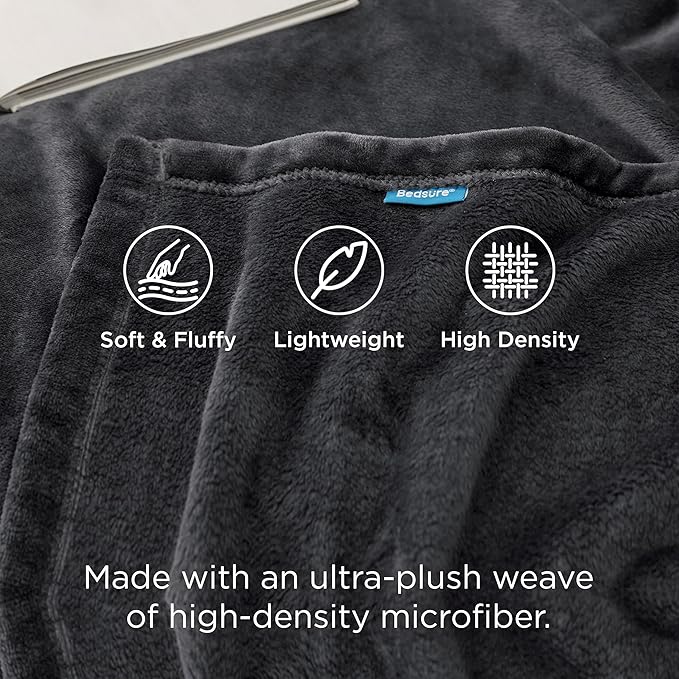 Bedsure GentleSoft Fleece Blanket California King Size Charcoal - Lightweight Plush Fuzzy Cozy Soft Bed Blankets, 102x96 inches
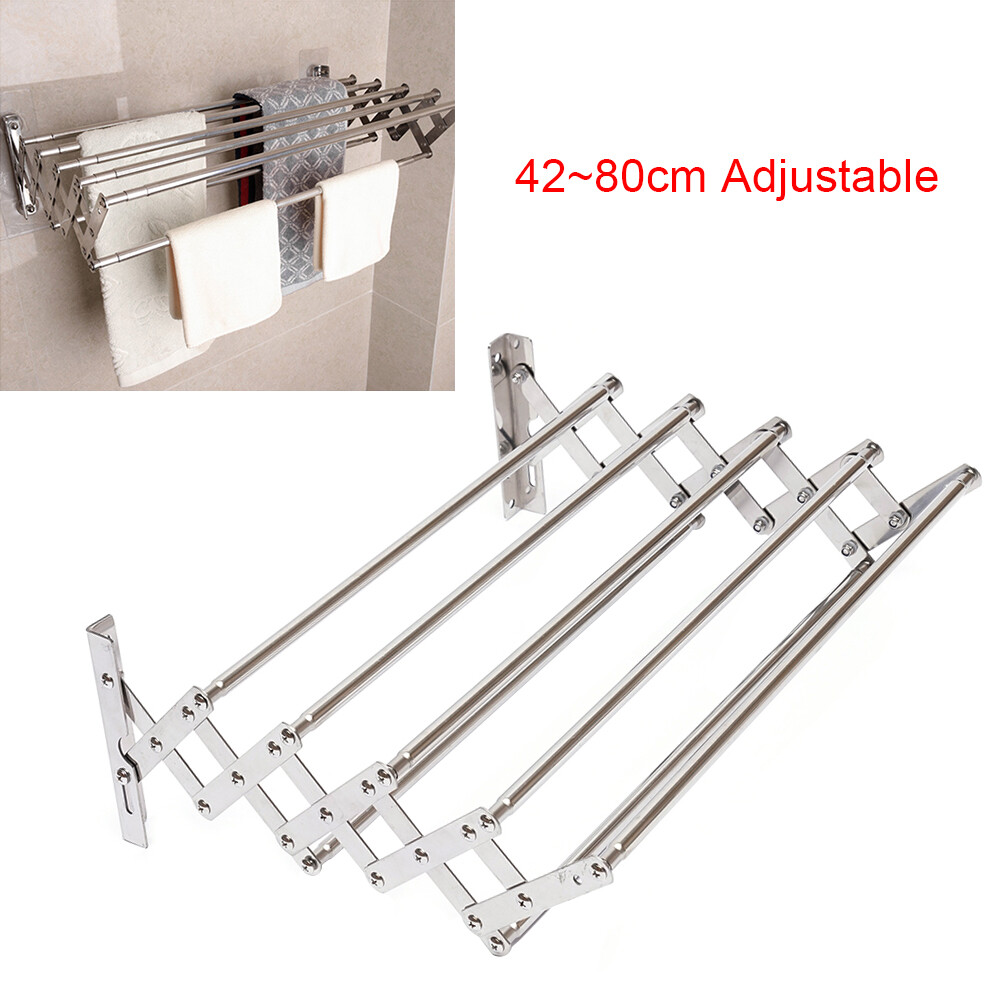 Retractable Stainless Steel Wall Towel Rack 42 × 80 cm Folding Drying Shelf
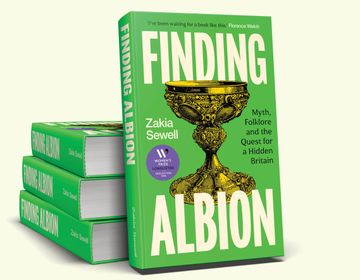 Pile of 3 books with one facing front. It is bright green with golden chalice on front and text 'FINDING ALBION'
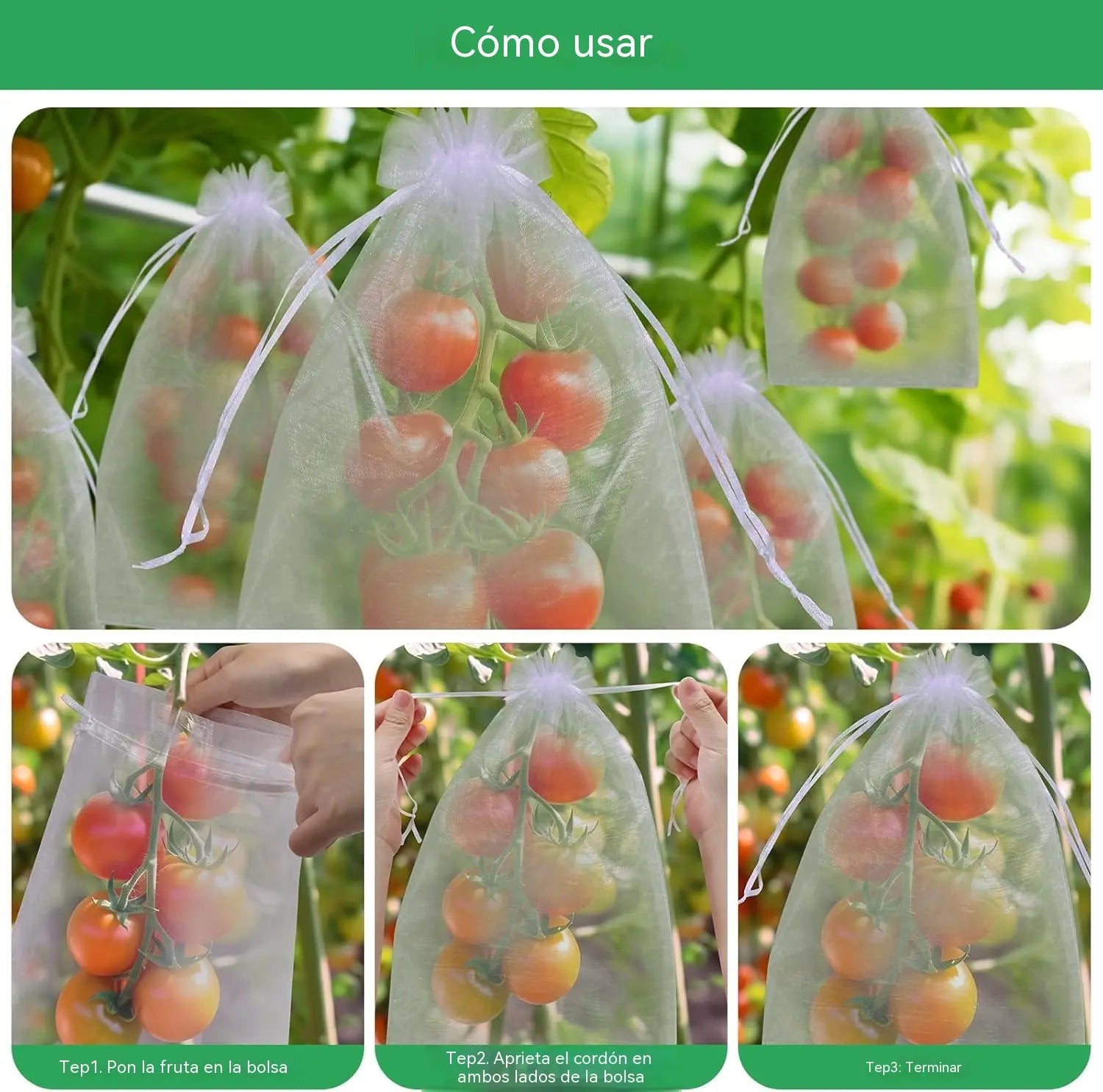 【50 sztuk (24*38 cm)】Moskitiera na muszki owocówki, siatka ochronna na drzewa do ogrodu dla ptaków, siatki ogrodowe do ochrony kwiatów, roślin, owoców i warzyw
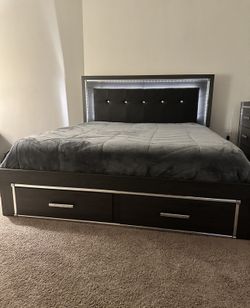 King Size Storage Bed w/ LED Lights – Great Condition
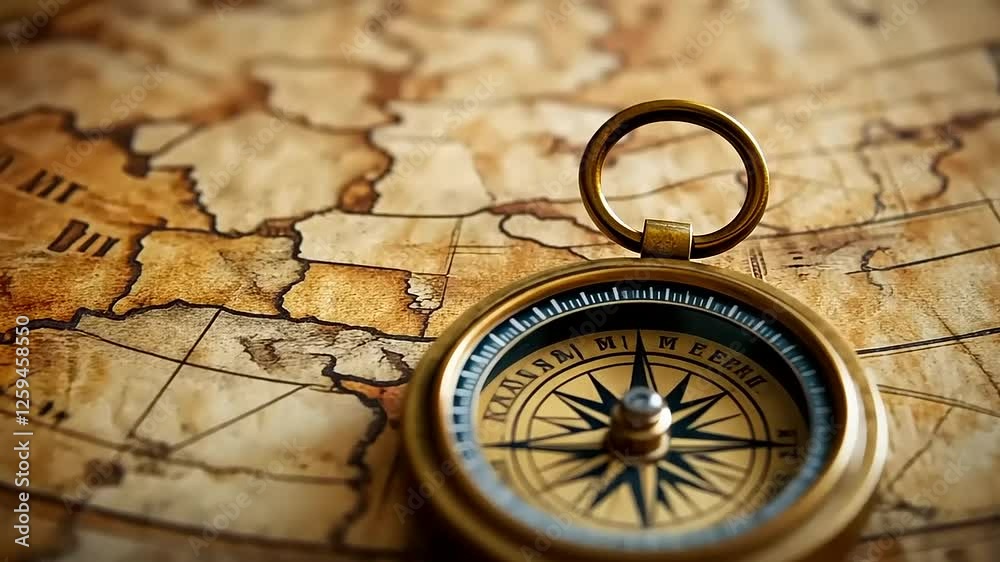 Antique compass resting on an aged world map, signifying exploration and adventure. Antique compass resting on an aged world map, signifying exploration and adventure.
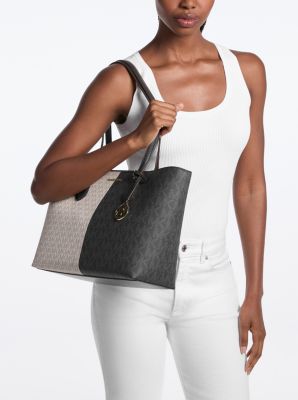 Sheila Large Two-Tone Signature Logo Tote Bag in BLACK COMBO | Michael Kors
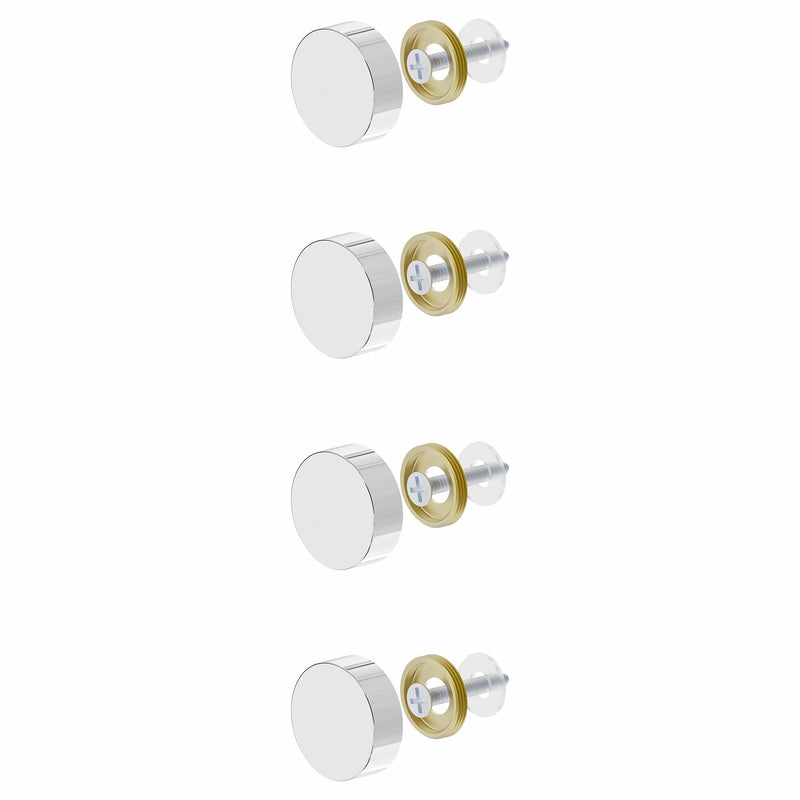 4 PCS 18mm(0.71") Mirror Screws, Brass Decorative Caps Cover Fasteners, Metal Mirror Nails, Polished Flat Silver Lid (Bright Silver)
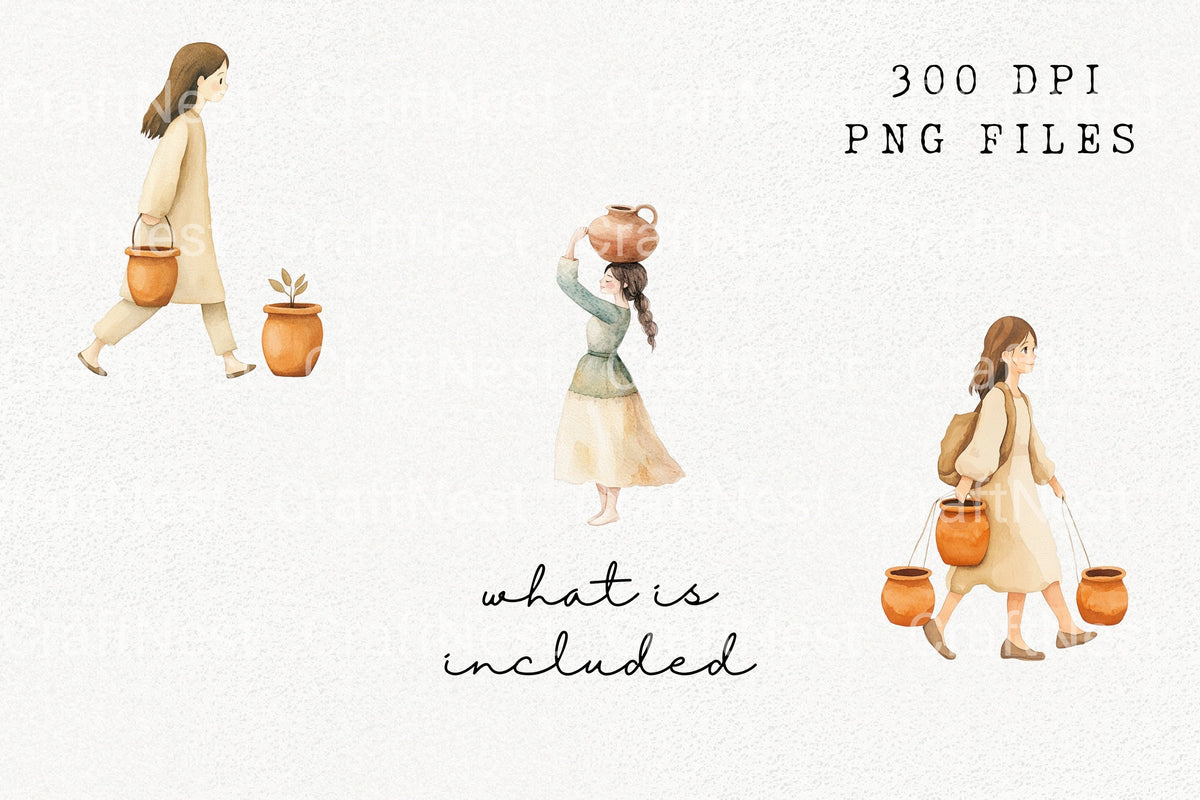 Village Girl Clipart Bundle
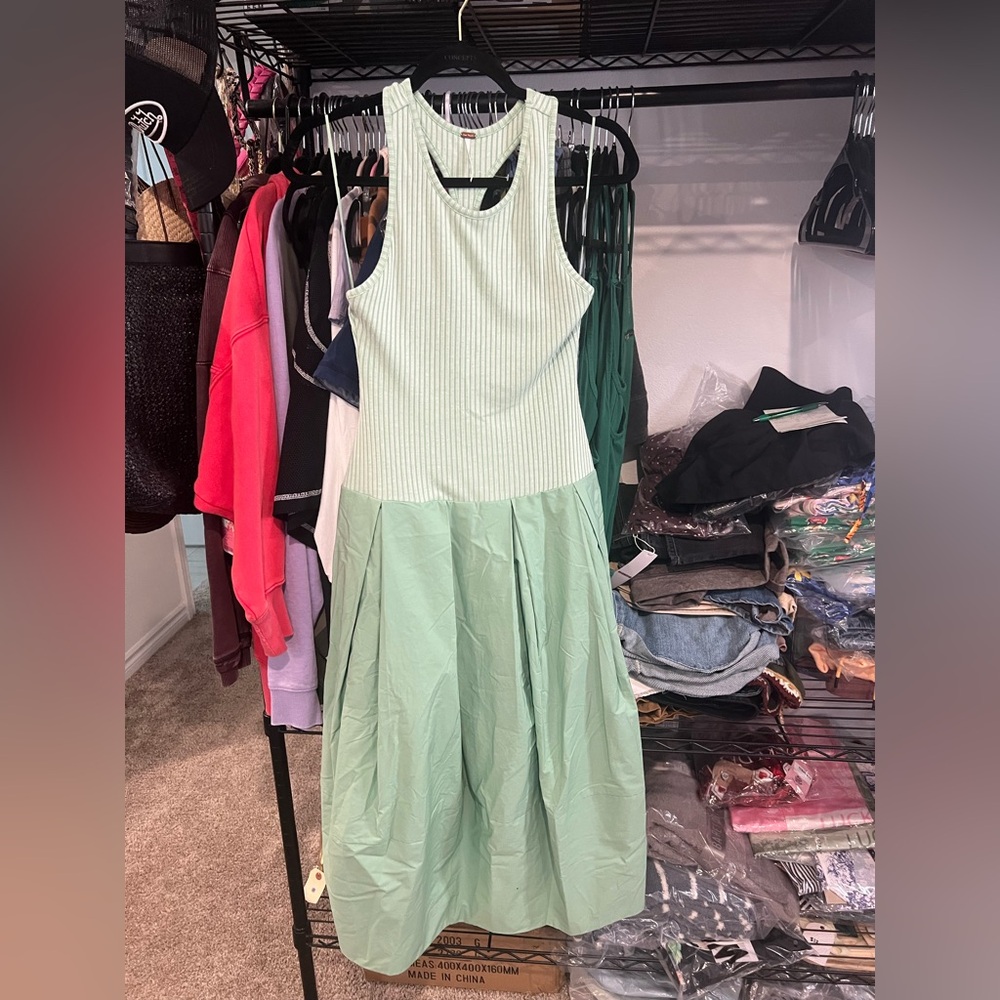 Free People Drops Of Venus Drop Waist Midi Dress, Lime Green, Various Sizes NWOT - Picture 5 of 10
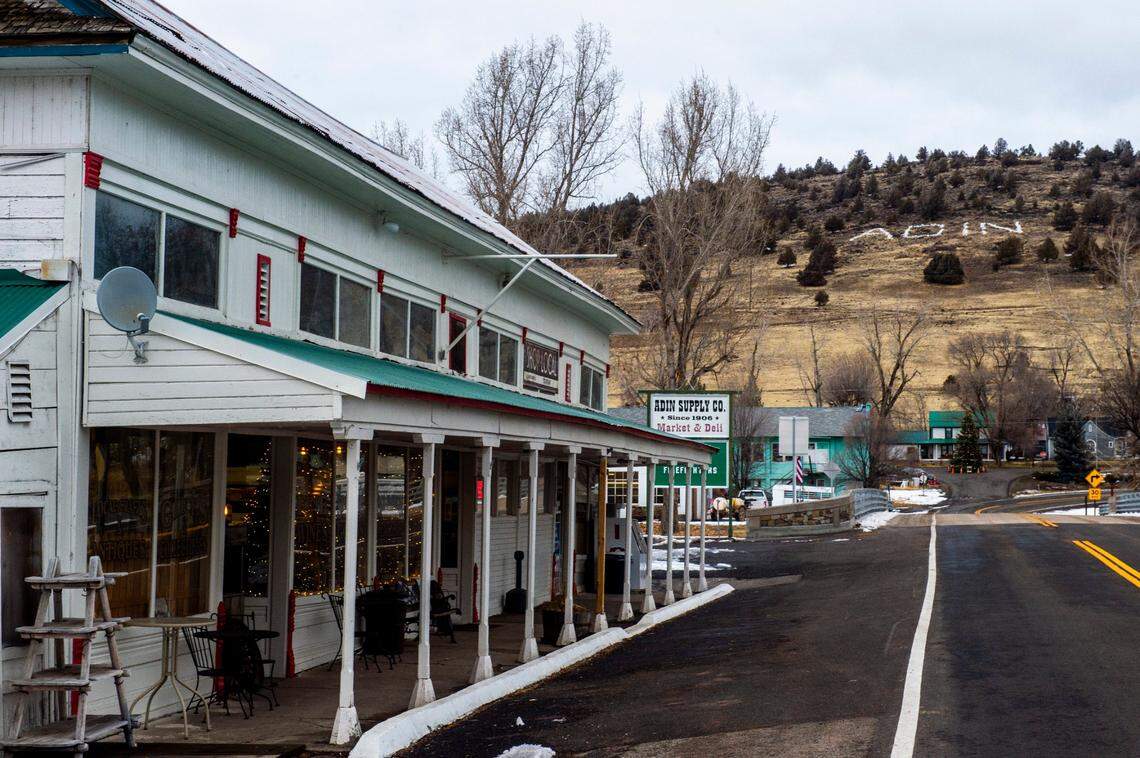 Holiday lights illuminate the Gagnon family’s Adin Supply Co. in Modoc County in 2020.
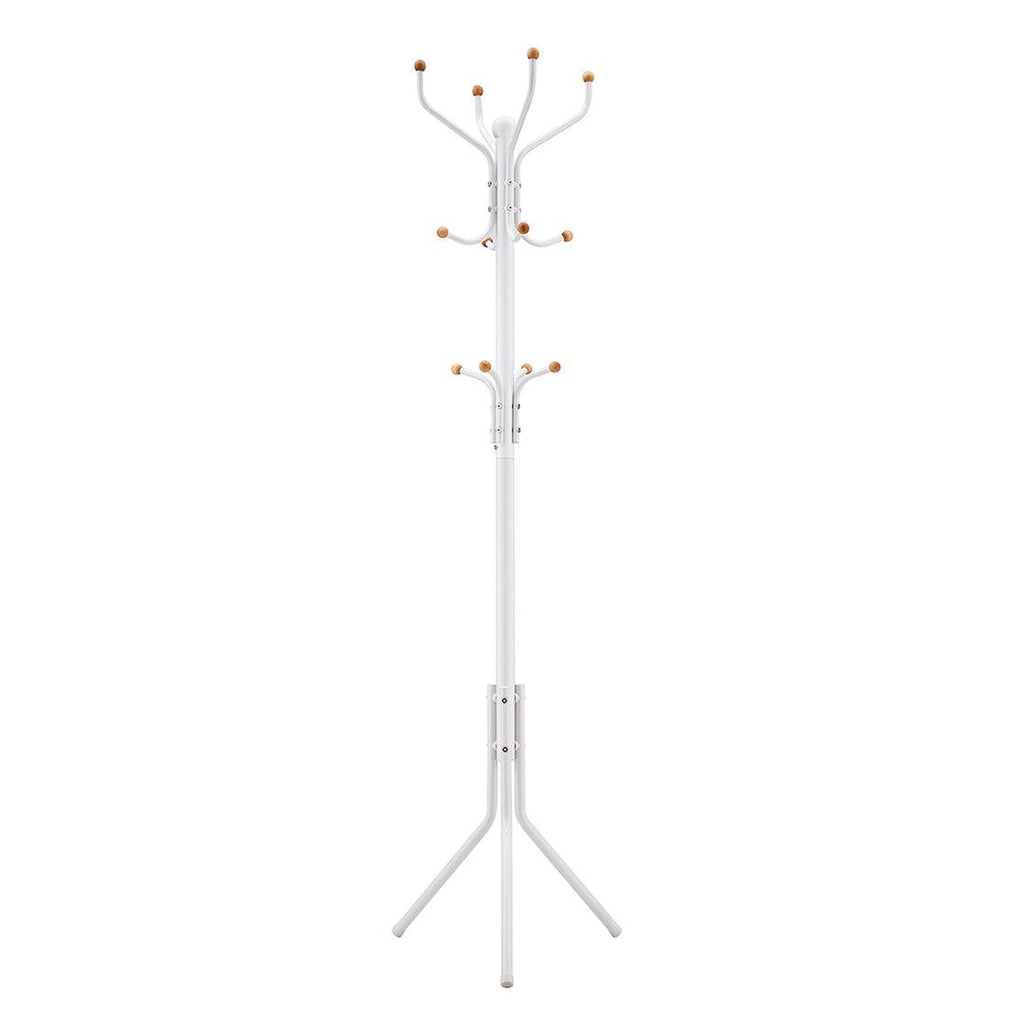 Álló fogas 12 kampóval, stabil fém kabáttartó,182 cm magas, fehér-VASBÚTOR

—————

= WHAT IS BEING ASKED =
Using the records above, return verbatim only the part that opens with the line containing "owoców i warzyw" and closes with the line containing "Sheila Large Two-Tone"; pictures stay out.

= ANSWER TO THE EXERCISE =
 【50 sztuk (24*38 cm)】Moskitiera na muszki owocówki, siatka ochronna na drzewa do ogrodu dla ptaków, siatki ogrodowe do ochrony kwiatów, roślin, owoców i warzyw
 King Size Storage Bed w/ LED Lights – Great Condition
 Antique compass resting on an aged world map, signifying exploration and adventure. Antique compass resting on an aged world map, signifying exploration and adventure.
 Sheila Large Two-Tone Signature Logo Tote Bag in BLACK COMBO | Michael Kors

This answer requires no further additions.